Leda Caruso è una professoressa universitaria americana che, in vacanza su un’isola greca, divide la spiaggia con una famiglia originaria del luogo. Infastidita dalla chiassosa presenza dei vicini, con il passare dei giorni, si concentra però su Nina, una giovane madre che ha un rapporto difficile con il marito e con la figlia e in cui Leda rivede il suo passato. Ricordi vorticosi iniziano ad affiorarle alla mente. Rispecchiandosi in Nina ripercorre la faticosa ricerca di indipendenza come donna e studiosa intrapresa quando le figlie erano piccole e le richiedevano una cura totalizzate. La vacanza si trasformerà così nella resa dei conti con una dolorosa scelta del passato.
Maggie Gyllenhaal, attrice e figlia del regista Stephen Gyllenhaal (Waterland, Dangerous Woman), ha scelto l’adattamento del breve romanzo di Elena Ferrante, La figlia oscura, per il suo esordio alla regia e alla sceneggiatura. Il film è stato presentato alla 78° edizione del Festival di Venezia ricevendo il Premio Osella per la miglior sceneggiatura e diverse candidature agli Oscar e ai Golden Globe.
La figlia oscura è stato lodato dalla critica in particolare per aver affrontato la complessità della maternità celata solitamente dietro a una retorica che ne esalta gli aspetti luminosi, senza soffermarsi sul peso delle rinunce intraprese dalle donne in favore dei figli. L’esplorazione dell’ambiguità del sentimento materno non è però cosa nuova e costituisce anzi un tema più che frequentato dal cinema dell’ultimo decennio: il tentativo di Gyllenhaal semmai è quello di muoversi nel campo del dramma psicologico laddove altre opere hanno scelto la strada dell’horror o del thriller come Babadook o la serie TV The Servant.

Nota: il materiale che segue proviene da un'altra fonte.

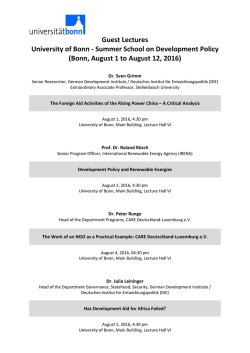 Guest Lectures University of Bonn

La figlia oscura non è la rivoluzione decantata da alcuni e probabilmente nemmeno uno dei tentativi più riusciti di affrontare questa tematica. Lo stesso adattamento televisivo della trilogia dell’Amica geniale di Elena Ferrante, nonostante non si focalizzi esplicitamente su questo tema, riesce a sviscerare il disagio che può accompagnarsi alla maternità in modo più convincente, soprattutto perché lo incarna in un contesto storico e sociale che La figlia oscura relega invece sullo sfondo, scegliendo i tratti di uno psicologismo esasperato.

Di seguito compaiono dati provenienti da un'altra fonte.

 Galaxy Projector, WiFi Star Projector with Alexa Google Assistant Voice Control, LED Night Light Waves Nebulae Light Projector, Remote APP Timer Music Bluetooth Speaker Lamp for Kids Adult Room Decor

L’adattamento della Gyllenhaal, pur ripercorrendo fedelmente gli eventi del romanzo (che già soffriva di un certo schematismo rispetto a narrazioni più vibranti di Elena Ferrante), rende il racconto più astratto e disincarnato spostando l’ambientazione dalla costa napoletana, ben nota all’autrice del libro, a una generica isola greca. Nell’atmosfera rarefatta dell’isola a farla da padrone è il gioco di specchi tra Leda e Nina, le due madri, intessuto di sguardi e di flashback affioranti nella quiete vacanziera.

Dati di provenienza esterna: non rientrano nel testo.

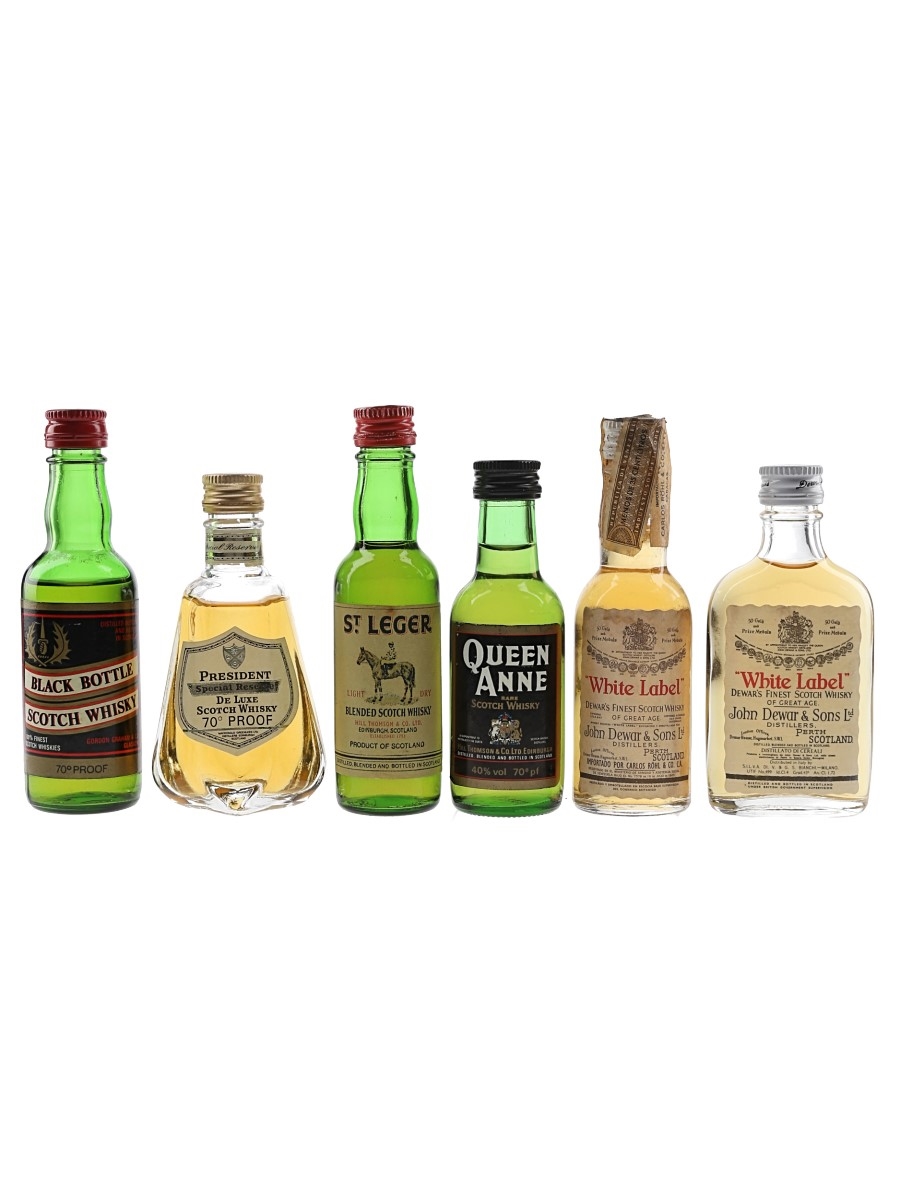 Assorted Blended Whisky Bottled 1980s 6 x 4cl-5cl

Leda, interpretata da Olivia Colman, fin troppo efficace nell’apparire scostante, e Nina, magnetica e ombrosa Dakota Johnson, sono personaggi sfuggenti, per nulla empatici, di cui non si colgono appieno le motivazioni. La giovane moglie controllata a vista da una famiglia malavitosa diventa l’immagine riflessa del passato famigliare della professoressa americana in una sovrapposizione impropria e a tratti artificiosa.
Il tentativo di seminare inquietudine e tensione attraverso la costruzione di una minaccia incombente che preme dall’esterno e dall’interno si rivela piuttosto maldestro, e non all’altezza di prodotti, tra cui i già citati Babadook e The Servant, che occupandosi dello stesso tema lo declinano in un’efficace narrazione di genere.
Nella Figlia oscura, invece, si respira inautenticità nella rappresentazione dell’ambientazione e dei gruppi sociali, come nell’esasperazione dei dialoghi e dei movimenti interiori.
Paradossalmente, nel tentativo di rifuggire da una retorica si ricade in una nuova forzatura, disattendendo il proposito di restituire la complessità di un legame e di un sentimento, quello materno, che forse potrebbe essere raccontato nella singolarità misteriosa di ogni donna e di ogni rapporto famigliare piuttosto che con universalismi nell’uno o nell’altro senso. Come nei racconti più agiografici sulle “madri coraggio” anche qui, solo nella direzione opposta, il peso della maternità finisce per dominare la scena riducendo la singolarità di Leda, del suo rapporto con la vita e con le figlie, a simboli sbiaditi e astratti.